┌──
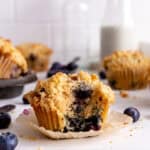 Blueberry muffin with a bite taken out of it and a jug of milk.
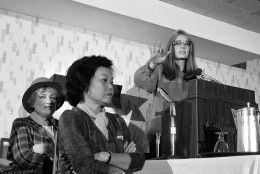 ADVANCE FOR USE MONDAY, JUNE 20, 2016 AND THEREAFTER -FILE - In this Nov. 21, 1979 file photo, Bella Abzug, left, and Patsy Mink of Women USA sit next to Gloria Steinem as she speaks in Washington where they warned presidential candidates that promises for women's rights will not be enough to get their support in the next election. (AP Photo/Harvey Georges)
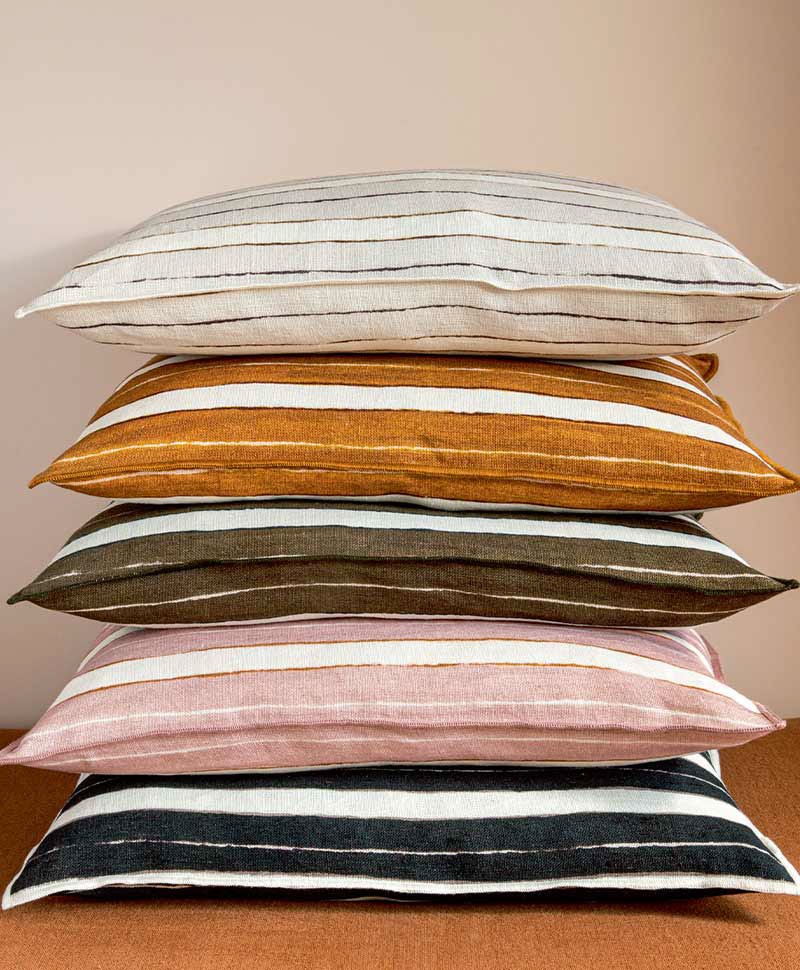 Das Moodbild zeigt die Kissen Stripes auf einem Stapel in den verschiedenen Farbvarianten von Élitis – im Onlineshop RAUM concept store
└──
┌──
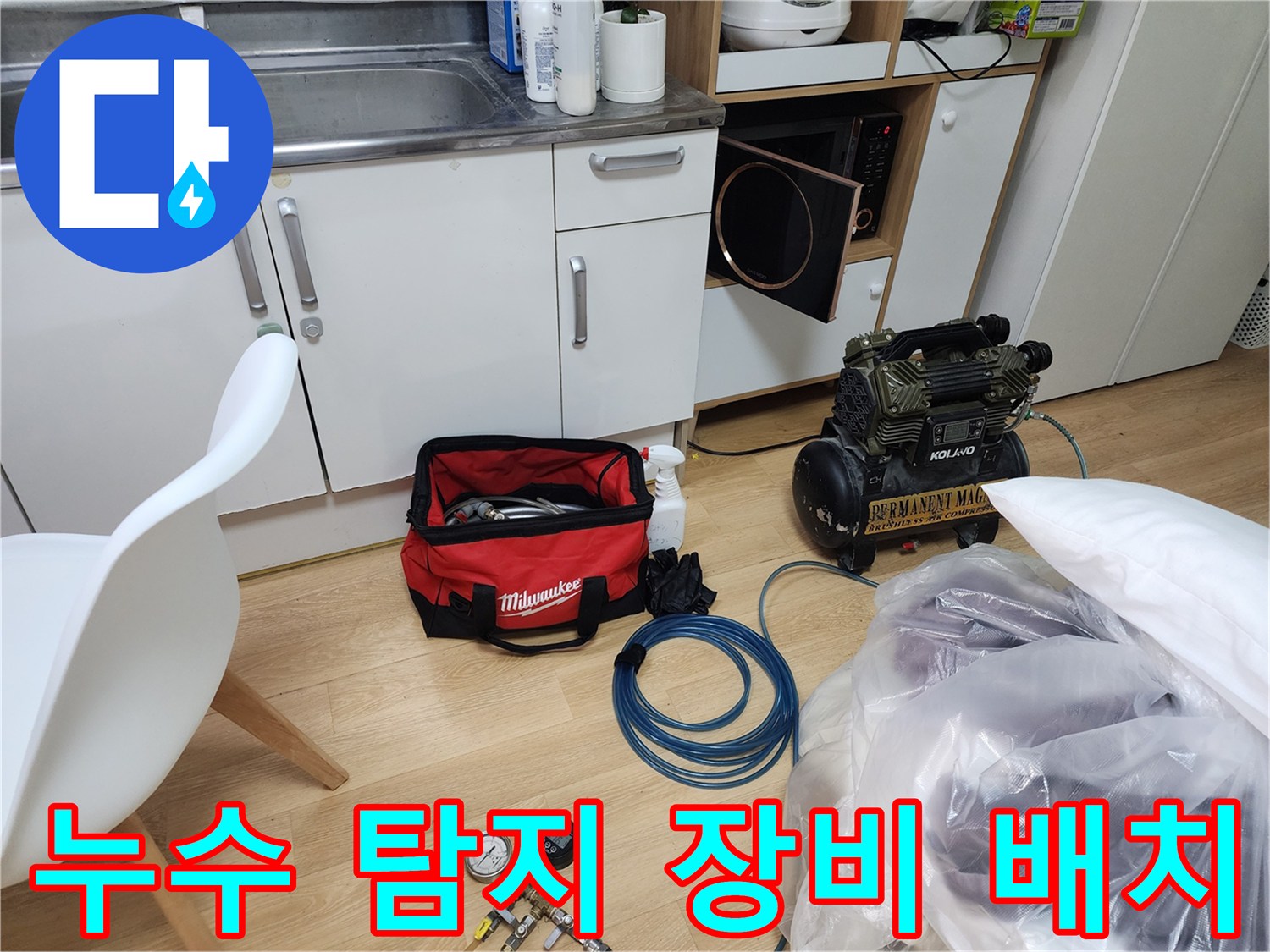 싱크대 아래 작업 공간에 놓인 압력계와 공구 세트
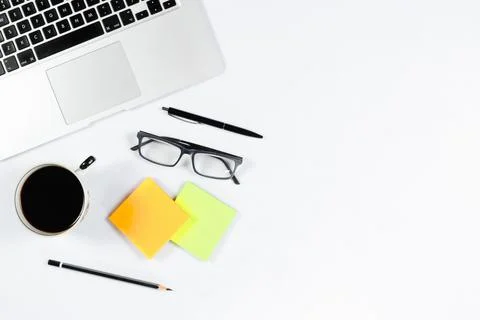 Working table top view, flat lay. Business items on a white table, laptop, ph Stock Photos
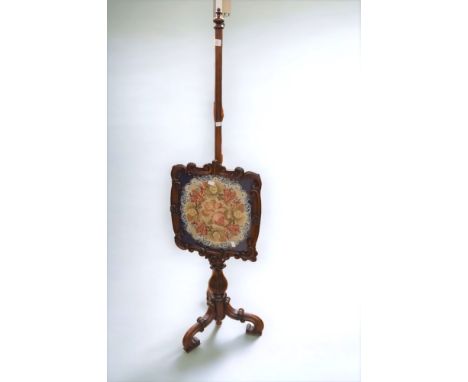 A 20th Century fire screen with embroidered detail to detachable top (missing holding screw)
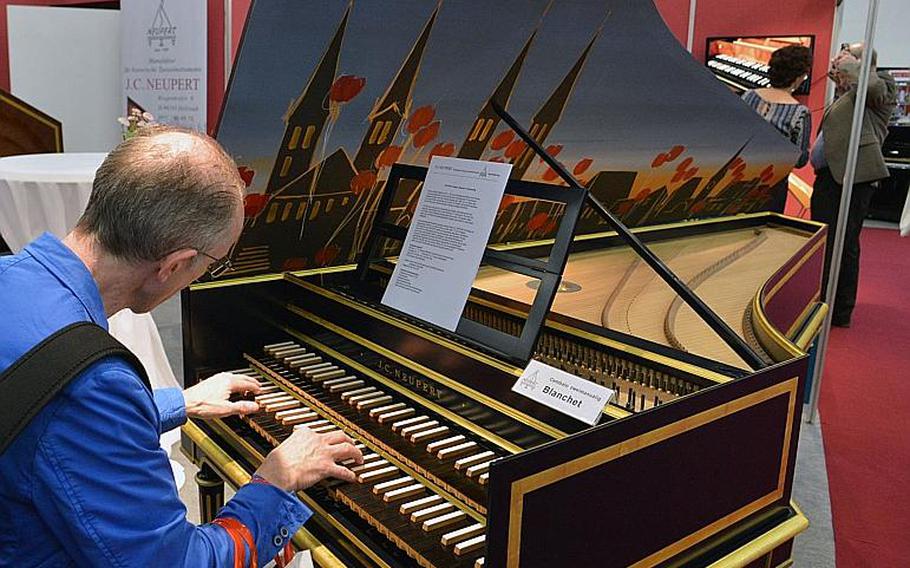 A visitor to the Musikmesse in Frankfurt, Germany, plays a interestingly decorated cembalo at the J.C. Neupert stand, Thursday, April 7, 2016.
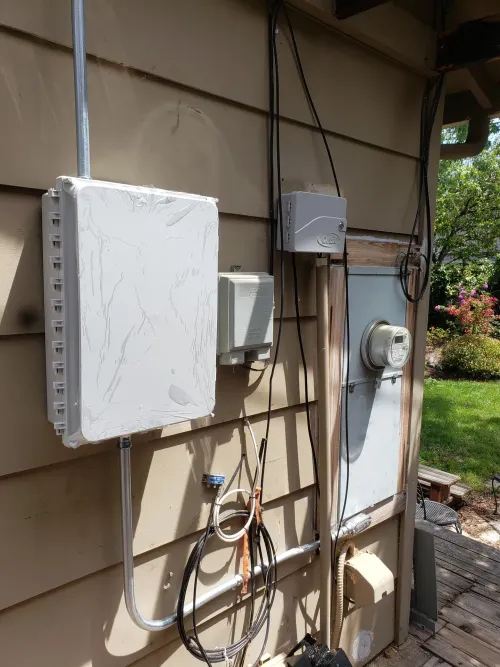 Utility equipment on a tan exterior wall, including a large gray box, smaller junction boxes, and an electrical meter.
└──
Could you transcribe exactly the entries above, but only the lines from the one with "Blueberry muffin with" through the one with "ADVANCE FOR USE", and without pictures?

 Blueberry muffin with a bite taken out of it and a jug of milk.
 ADVANCE FOR USE MONDAY, JUNE 20, 2016 AND THEREAFTER -FILE - In this Nov. 21, 1979 file photo, Bella Abzug, left, and Patsy Mink of Women USA sit next to Gloria Steinem as she speaks in Washington where they warned presidential candidates that promises for women's rights will not be enough to get their support in the next election. (AP Photo/Harvey Georges)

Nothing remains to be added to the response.